[[ DATASET EXCERPTS open ]]
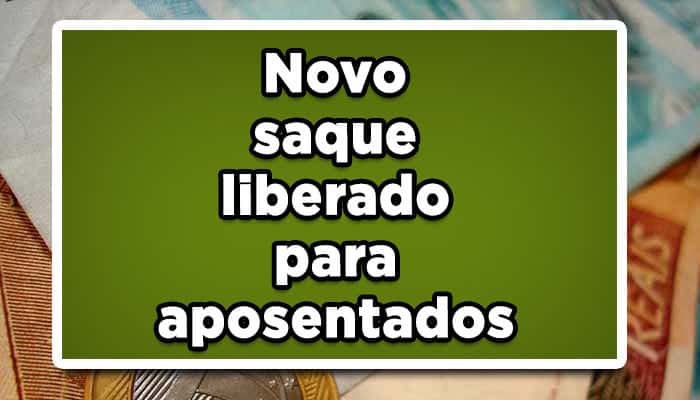 Saque liberado para aposentados
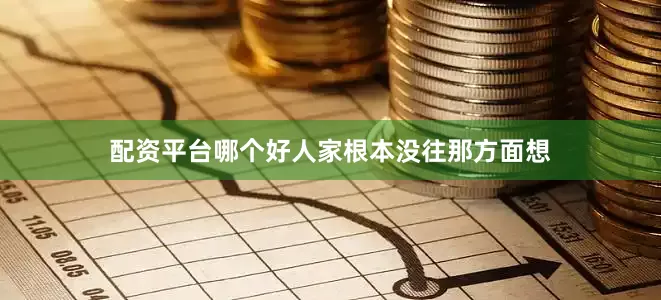 配资平台哪个好人家根本没往那方面想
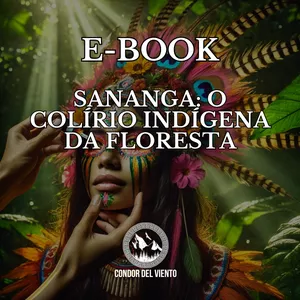 Imagem de capa para o Ebook Sananga: O Colírio Indígena da Floresta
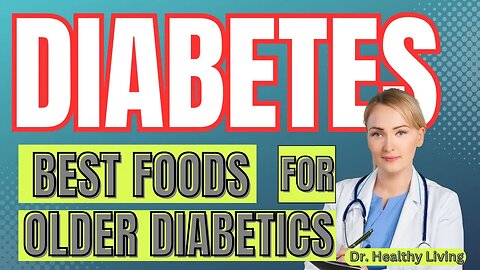 "Best Foods for Older Diabetics | Your Path to Wellness"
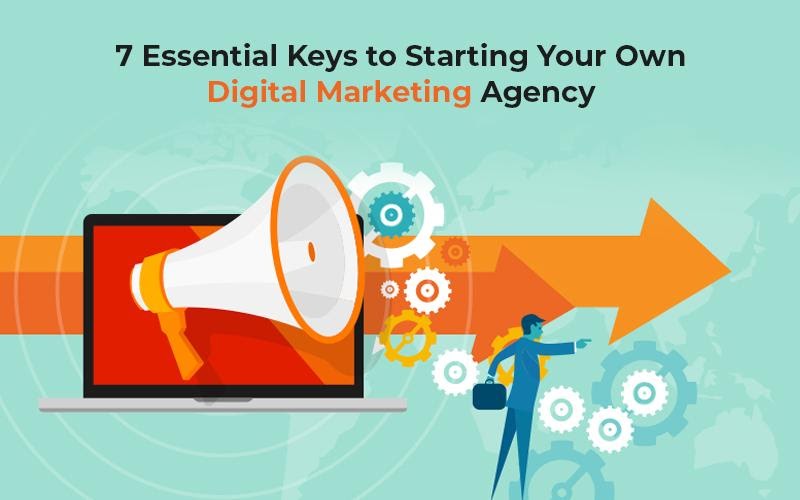 7 Essential Keys to Starting Your Own Digital Marketing Agency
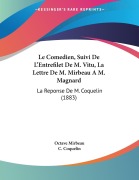 Cover-Bild zum Titel 'Le Comedien, Suivi De L'Entrefilet De M. Vitu, La Lettre De M. Mirbeau A M. Magnard' von 'Octave Mirbeau, C. Coquelin'
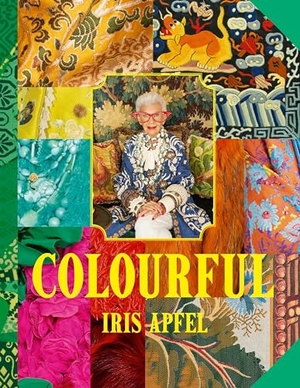 Apfel, Iris. Colourful. Ebury Publishing, 2024.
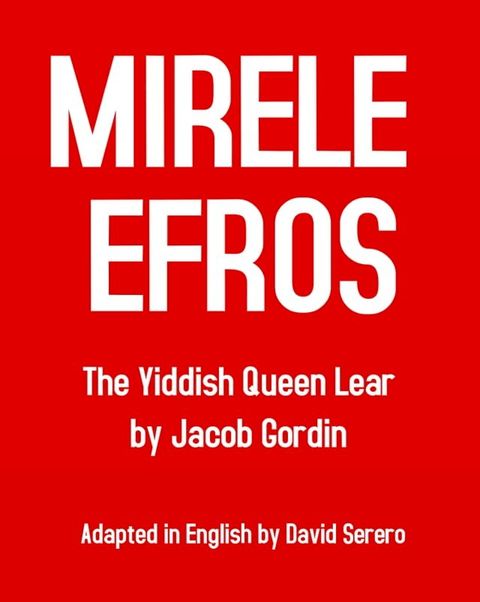 Mirele Efros (Yiddish Queen Lear) - Yiddish Theater Classic(Kobo/電子書)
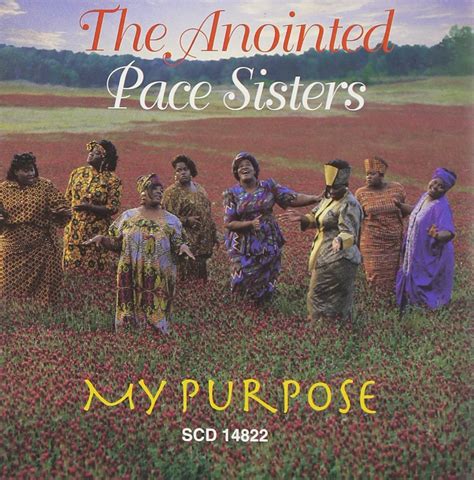My Purpose The Anointed Pace Sisters Melonda Pace Israel Embry Sterling Holloman Sheryl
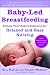 Baby-Led Breastfeeding: Follow Your Baby's Instincts for Relaxed and Easy Nursing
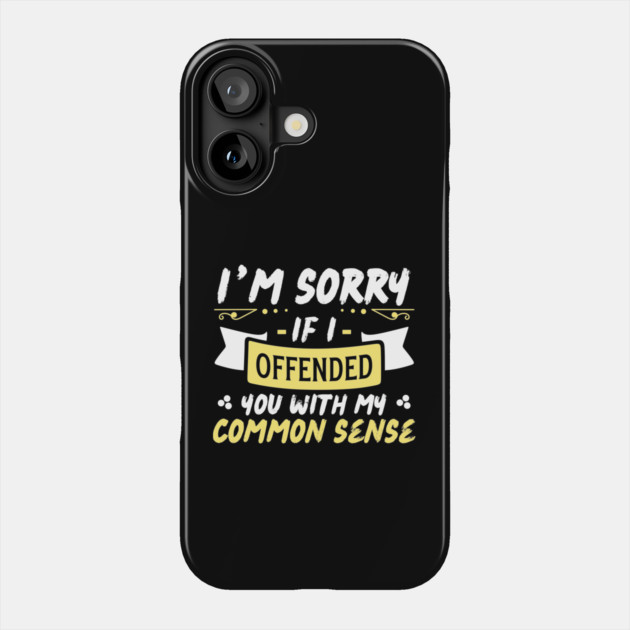 I'm Sorry If I Offended You With My Common Sense Phone Case by The WYLD Tribe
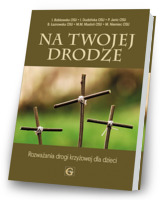 Na Twojej drodze. Rozważania dla dzieci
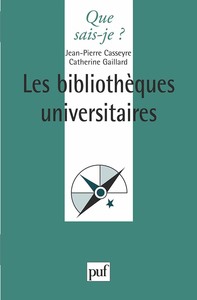 LES BIBLIOTHEQUES UNIVERSITAIRES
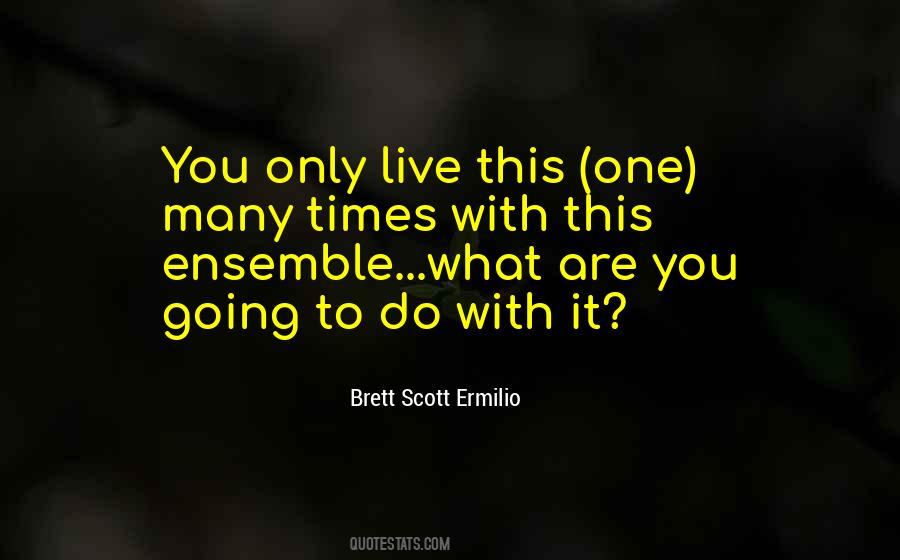 Brett Scott Ermilio Quotes #1688934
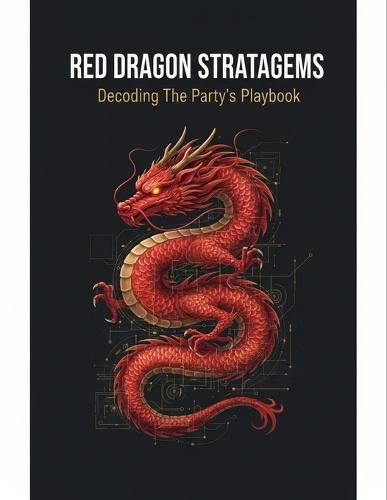 Red Dragon Stratagems: Decoding The Party'S Playbook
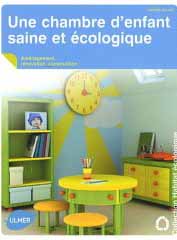 Une chambre d'enfant saine et écologique
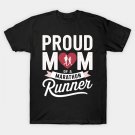 Proud Mom Of A Marathon Runner Marathon Run Mother'S Day T-Shirt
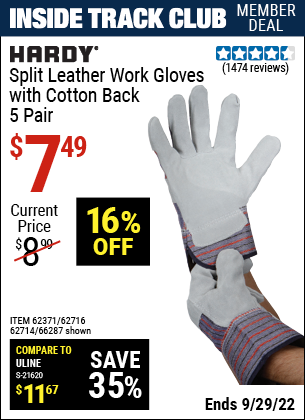Inside Track Club members can buy the HARDY Split Leather Work Gloves with Cotton Back 5 Pr. (Item 66287/62371/62716/62714) for $7.49, valid through 9/29/2022.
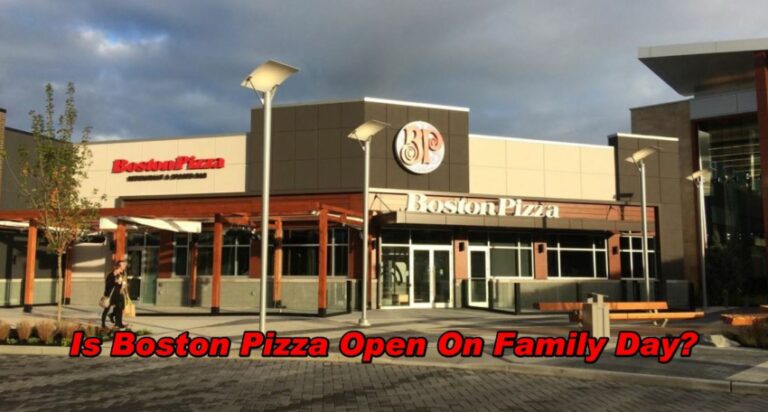 Is Boston Pizza Open On Family Day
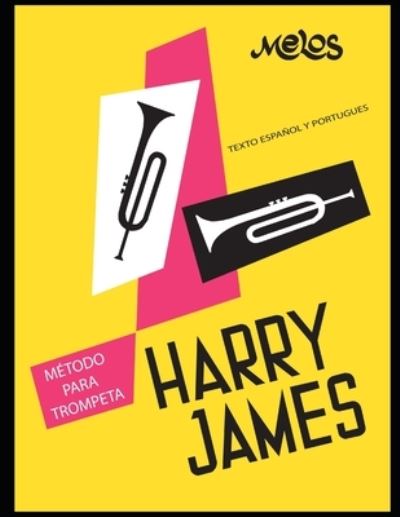 Cover for Harrys James · Metodo para trompeta (Paperback Book) (2020)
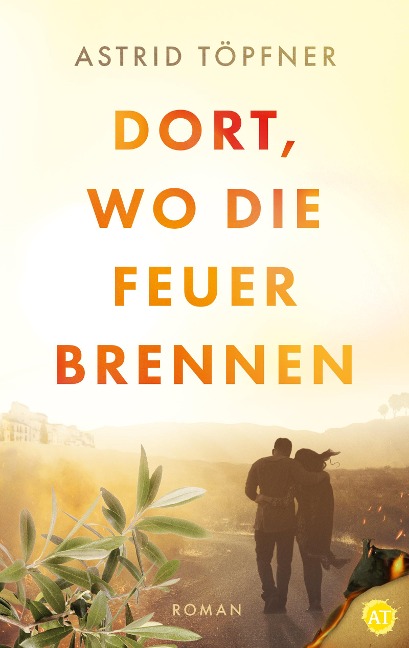 Dort, wo die Feuer brennen - Astrid Töpfner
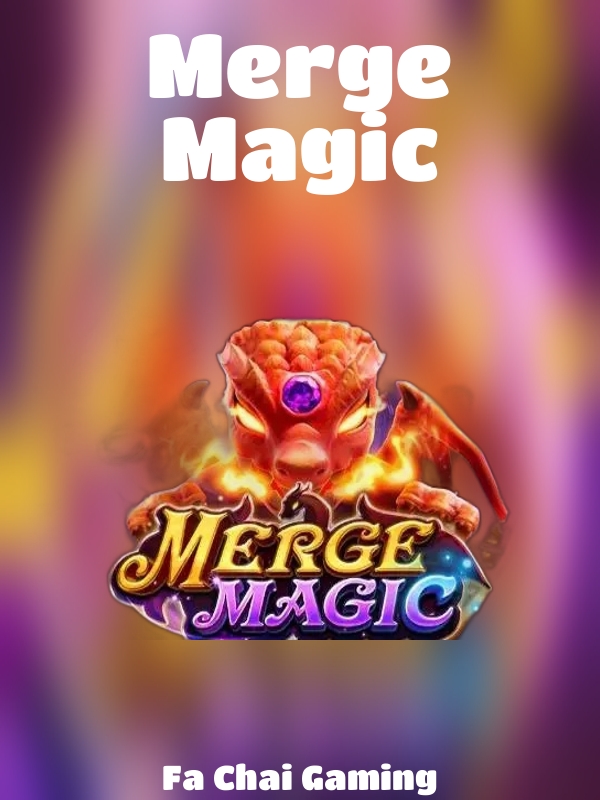 Merge Magic slot Fa Chai Gaming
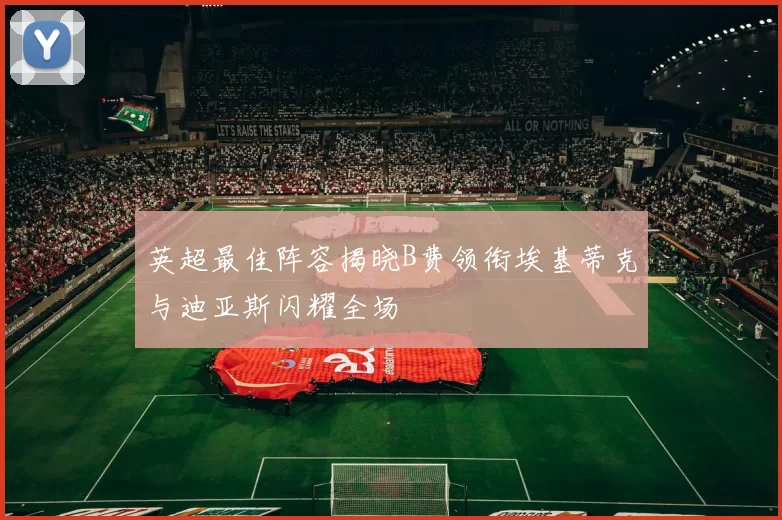 英超最佳阵容揭晓B费领衔埃基蒂克与迪亚斯闪耀全场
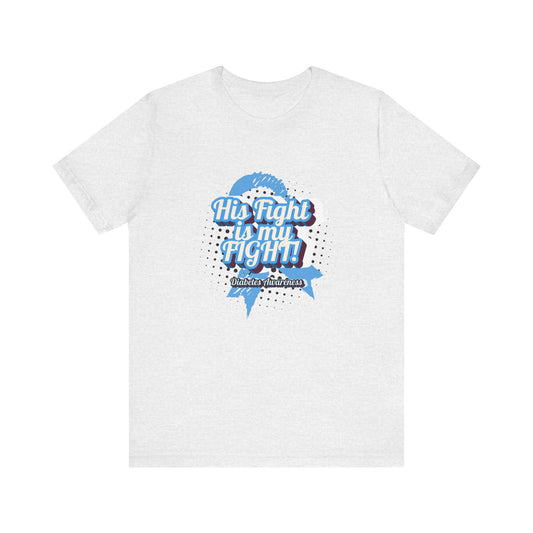 His Fight is my Fight! - Unisex Tee The Diabuddies Store T-Shirts $22.50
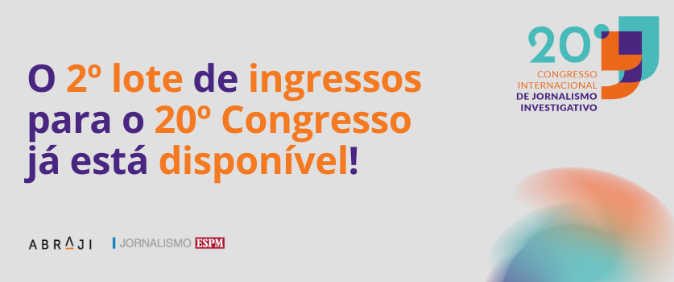 Começa a venda do 2º lote de ingressos para o 20º Congresso da Abraji
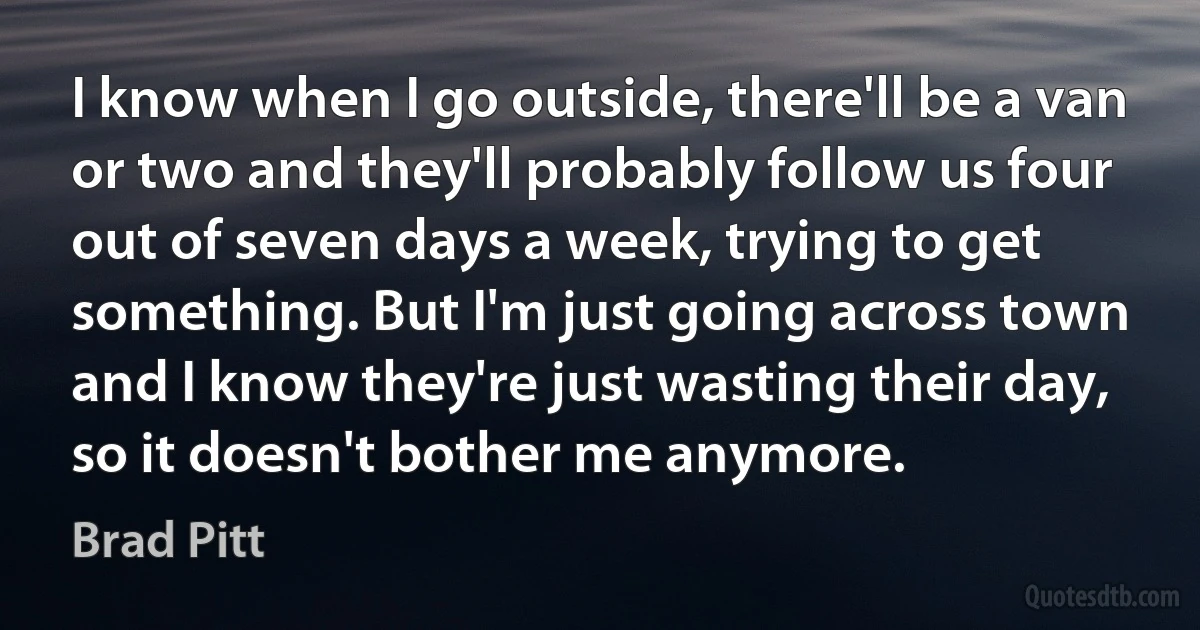 I know when I go outside, there'll be a van or two and they'll probably follow us four out of seven days a week, trying to get something. But I'm just going across town and I know they're just wasting their day, so it doesn't bother me anymore. (Brad Pitt)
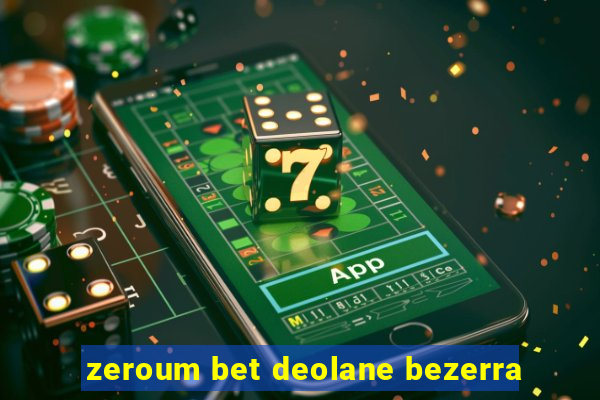 zeroum bet deolane bezerra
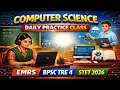 Computer Science Daily Practice Class EMRS BPSC TRE 4 STET 2026 Top MCQs with Explanation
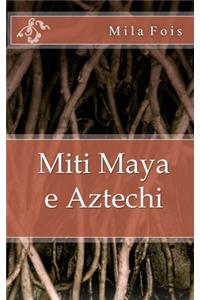 Miti Maya e Aztechi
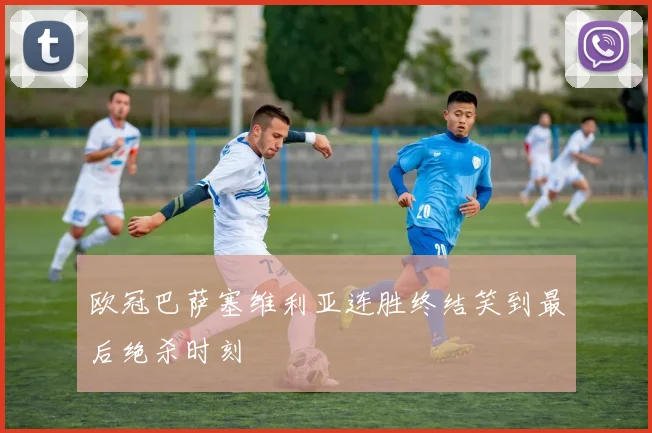 欧冠巴萨塞维利亚连胜终结笑到最后绝杀时刻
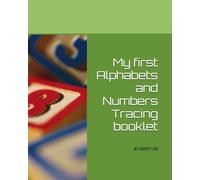 My first alphabets and numbers tracing booklet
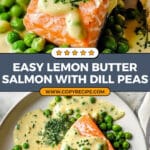 Lemon Butter Salmon with Dill Peas Recipe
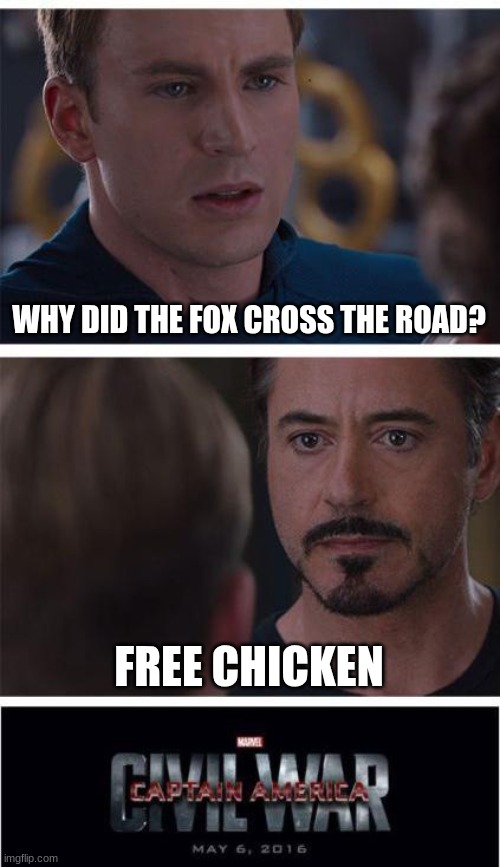 totally useless meme but why not | WHY DID THE FOX CROSS THE ROAD? FREE CHICKEN | image tagged in memes,marvel civil war 1 | made w/ Imgflip meme maker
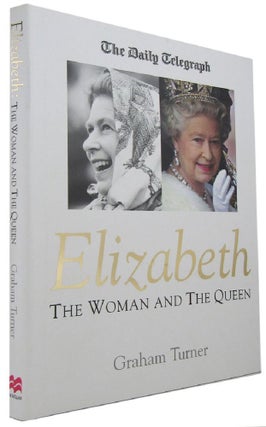 Item #167807 ELIZABETH: The Woman and The Queen. Elizabeth II, Graham Turner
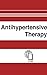 Produktbild Antihypertensive Therapy: Principles and Practice an International Symposium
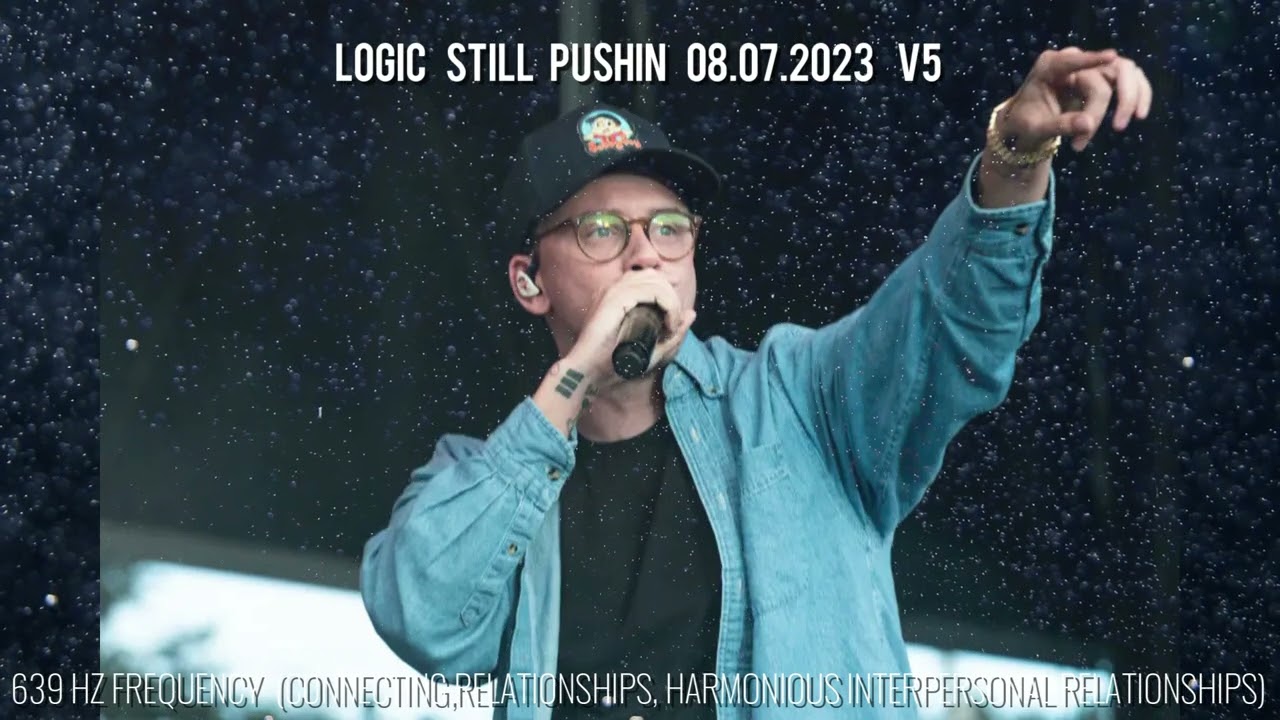 Logic - Still Pushin 08.07.2023 v5 (639hz)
[[ DATASET EXCERPTS closed ]]
> **TASK ITEM**:
Could you repeat the data exactly, omitting its pictures?

> **EXPECTED OUTPUT**:
 Saque liberado para aposentados
 配资平台哪个好人家根本没往那方面想
 Imagem de capa para o Ebook Sananga: O Colírio Indígena da Floresta
 "Best Foods for Older Diabetics | Your Path to Wellness"
 7 Essential Keys to Starting Your Own Digital Marketing Agency
 Cover-Bild zum Titel 'Le Comedien, Suivi De L'Entrefilet De M. Vitu, La Lettre De M. Mirbeau A M. Magnard' von 'Octave Mirbeau, C. Coquelin'
 Apfel, Iris. Colourful. Ebury Publishing, 2024.
 Mirele Efros (Yiddish Queen Lear) - Yiddish Theater Classic(Kobo/電子書)
My Purpose The Anointed Pace Sisters Melonda Pace Israel Embry Sterling Holloman Sheryl
 Baby-Led Breastfeeding: Follow Your Baby's Instincts for Relaxed and Easy Nursing
 I'm Sorry If I Offended You With My Common Sense Phone Case by The WYLD Tribe
 Na Twojej drodze. Rozważania dla dzieci
 LES BIBLIOTHEQUES UNIVERSITAIRES
 Brett Scott Ermilio Quotes #1688934
 Red Dragon Stratagems: Decoding The Party'S Playbook
 Une chambre d'enfant saine et écologique
 Proud Mom Of A Marathon Runner Marathon Run Mother'S Day T-Shirt
Inside Track Club members can buy the HARDY Split Leather Work Gloves with Cotton Back 5 Pr. (Item 66287/62371/62716/62714) for $7.49, valid through 9/29/2022.
 Is Boston Pizza Open On Family Day
 Cover for Harrys James · Metodo para trompeta (Paperback Book) (2020)
 Dort, wo die Feuer brennen - Astrid Töpfner
 Merge Magic slot Fa Chai Gaming
 英超最佳阵容揭晓B费领衔埃基蒂克与迪亚斯闪耀全场
 His Fight is my Fight! - Unisex Tee The Diabuddies Store T-Shirts $22.50
 Começa a venda do 2º lote de ingressos para o 20º Congresso da Abraji
 I know when I go outside, there'll be a van or two and they'll probably follow us four out of seven days a week, trying to get something. But I'm just going across town and I know they're just wasting their day, so it doesn't bother me anymore. (Brad Pitt)
 zeroum bet deolane bezerra
 Computer Science Daily Practice Class EMRS BPSC TRE 4 STET 2026 Top MCQs with Explanation
 Miti Maya e Aztechi
 欧冠巴萨塞维利亚连胜终结笑到最后绝杀时刻
 My first alphabets and numbers tracing booklet
 Lemon Butter Salmon with Dill Peas Recipe
 totally useless meme but why not | WHY DID THE FOX CROSS THE ROAD? FREE CHICKEN | image tagged in memes,marvel civil war 1 | made w/ Imgflip meme maker
 Item #167807 ELIZABETH: The Woman and The Queen. Elizabeth II, Graham Turner
 Produktbild Antihypertensive Therapy: Principles and Practice an International Symposium
 Logic - Still Pushin 08.07.2023 v5 (639hz)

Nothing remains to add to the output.